ナチスのやるコトなすコト全て否定しなければならないと言うのは歴史という価値観を持つ人間という存在の否定 定

 ナチスのやるコトなすコト全て否定しなければならないと言ってしまうのは、歴史という価値観を持つ人間という存在の否定です。
 ナチスの良い部分があればそれに学び、ナチスの悪い部分があれぱそれを教訓にしてこそ、それが歴史としての価値となり、人間としての成長の糧になるのです。
 そしてそこに必要なのは、事実を事実として見つめる努力です。
 まず事実を事実として受け止めなければ、それを学ぶのか、それとも教訓とするのかは判断出来ませんからね。
 
 そういった場合、ナチスが関わったコトを全て悪とする風潮、むしろ「悪としなければならない」と考える風潮というのは、歴史そのものを否定する考え方としか言いようがありません。
 事実として見た時に、それが悪なら悪でいいんですよ。
 それを教訓として繰り返さないよう努力すればいいんですから。
 例えばホロコーストです。
 民族浄化を目的とした非戦闘員の暴力を用いての大量虐殺は、当時の価値観からも現代の価値観からも到底容認できる行為ではありません。
 ですから、こういう「事実」を目の当たりにした上で、これを教訓として二度と繰り返させないように努力するというコトは、人間の歴史という面において必要なコトだと思います。
 
 しかし、ホロコーストの件だけを持ってナチスの全てを否定するコトはできません。
 いやこれだと語弊があるかもしれません。
 ホロコーストの件を持って「ナチスという組織」を悪だと認定するコトは構いません。
 ホロコーストというのはそれだけの大きな罪だと言うしかありませんから、それを行ったナチスは悪の組織だったコトは否定できません。
 しかし、ナチスという組織は悪だとしても、ナチスが行った行為の全てを歴史的に振り返った時に全否定できるかどうかというのは別の問題です。

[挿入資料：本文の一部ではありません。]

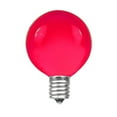 thumbnail image 2 of Novelty Lights 25 Feet Pink G40 Globe Outdoor Patio String Lights, Green Wire, 2 of 6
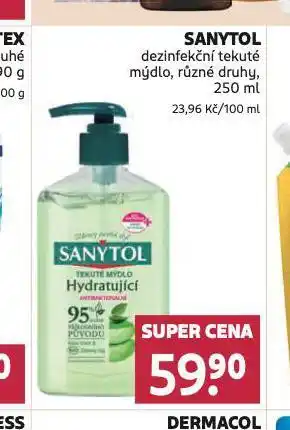 Rossmann Sanytol dezinfekční tekuté mýdlo nabídka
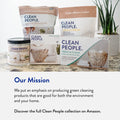 Clean People All Natural Dishwasher Pods - Cuts Grease & Rinses Sparkling Clean - Residue-Free - Phosphate Free Dishwashing Pods - Fragrance Free, 60 Pack 🍁 All In One Marketplace Canada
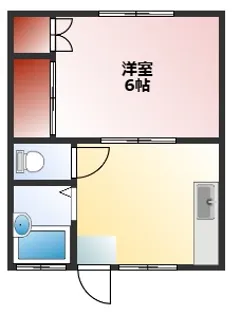 メゾンフセキ【1階】の間取り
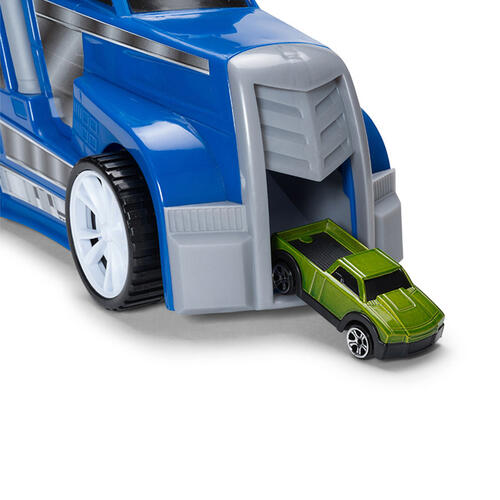 Speed City城市快线 合金小车运输车内含11辆小车 蓝色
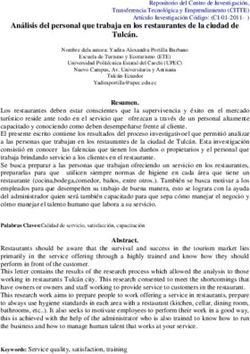 Análisis del personal que trabaja en los restaurantes de la ciudad de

 当時のナチス・ドイツは、それでも国家としての運営に成功し、最後は負けはしましたが一時はヨーロッパを席巻し世界と対等に戦ったのですから、やるコトなすコト全てが悪の行為ばかりでは決してそうはいかないでしょう。
 例えば北朝鮮のような失敗国家とは比べられないぐらいの国力の増強には成功したのですから、いまでもその手法としての学ぶべき点というのはあろうかと思います。
 こういうところまで否定して、「ナチスに関わるコトの全てを否定しなければお前は悪だ」と言ってしまうのは、タブーを作り出すコトにしかならず、歴史の否定であり、人間の否定とすら言えてしまうワケです。
 
 特に「民主主義の制度からナチスが生まれた」という点については、その是非も含めて多いに議論すべきコトです。
 ここから目を逸らしてはなりません。
 民主主義的に、民主主義の国家を運営するのであれば独裁者は決してそ許してはなりませんが、そうであるなら、なぜドイツはそうなってしまったのかという点については多いに検証し議論しなければなりません。
 まして「国民の大半が独裁者を望んだ」という完全に矛盾を孕んでしまう場合にはどう考えるべきなのか、ここは本当に真剣に考えなければならないところでしょう。
 しかしいまの「ナチスタブー化の空気」においては、この議論すら、というか議論するコトすら否定しなければならないと言わんばかりです。
 口に出すコトすら悪だと言わんばかりです。
 これは本当に愚かしい行為です。
 
 歴史を知り事実を踏まえてその議論をするコトと、「ナチスという組織」の評価は、まったく別の概念であり問題です。
 しかしここを同一視する人が多すぎるのです。
 これは本当に愚かしいです。
 昔、朝鮮半島をタブー化し、批判は絶対に許さない、褒めちぎるコトしか許さないと、これは国民の側からそのような空気を作ってタブー化した結果、果たして日本はどうなってしまったのか、拉致問題はどうなってしまったのか、韓国に対するいわゆる歴史問題はどうなってしまったのか等、もっと国民は自分達のコトとして、“自分達が蒔いたタネとして”考えるべきです。
 議論のタブー化は、対象がなんであれ決して許してはなりません。
 それは必ず自らの不利益という形で返ってきてしまうコトでしょう。
 
 いま多くの人が間違えているのが、「ナチスという組織の評価」と「ナチスが行ってきた行為への評価」を混同してしまっているコトです。
 そしてその結果として、「ナチスに関わるコトは全て悪と“しなければならない”」となってしまい、歴史をも踏みにじる、人間をすら否定してしまう考え方になってしまっているのです。
 歴史は学んだり教訓するタメのモノではないですか。
 それためには、事実を見るコトすら否定してはなにもならないではないですか。
 いま大騒ぎしている人達には、自分達の視点がいかにズレているのか、よくよく考えてもらいたいところです。